BEGIN DATA EXCERPTS

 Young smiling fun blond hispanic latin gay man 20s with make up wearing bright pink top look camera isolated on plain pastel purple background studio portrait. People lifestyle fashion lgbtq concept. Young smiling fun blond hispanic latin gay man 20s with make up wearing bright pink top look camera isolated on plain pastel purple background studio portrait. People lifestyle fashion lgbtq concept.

END DATA EXCERPTS
BEGIN DATA EXCERPTS

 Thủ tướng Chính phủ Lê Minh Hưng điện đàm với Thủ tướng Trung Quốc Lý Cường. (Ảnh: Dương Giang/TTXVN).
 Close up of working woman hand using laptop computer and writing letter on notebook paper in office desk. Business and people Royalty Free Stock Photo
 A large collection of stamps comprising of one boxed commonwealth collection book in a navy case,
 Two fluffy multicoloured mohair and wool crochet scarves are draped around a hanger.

END DATA EXCERPTS

- [EXERCISE DESCRIPTION]: Once you find the line with "Thủ tướng Chính" above, print it and every line after it up to and including the line with "Two fluffy multicoloured", exactly as written and nothing else.

- [WRITTEN SOLUTION]:
 Thủ tướng Chính phủ Lê Minh Hưng điện đàm với Thủ tướng Trung Quốc Lý Cường. (Ảnh: Dương Giang/TTXVN).
 Close up of working woman hand using laptop computer and writing letter on notebook paper in office desk. Business and people Royalty Free Stock Photo
 A large collection of stamps comprising of one boxed commonwealth collection book in a navy case,
 Two fluffy multicoloured mohair and wool crochet scarves are draped around a hanger.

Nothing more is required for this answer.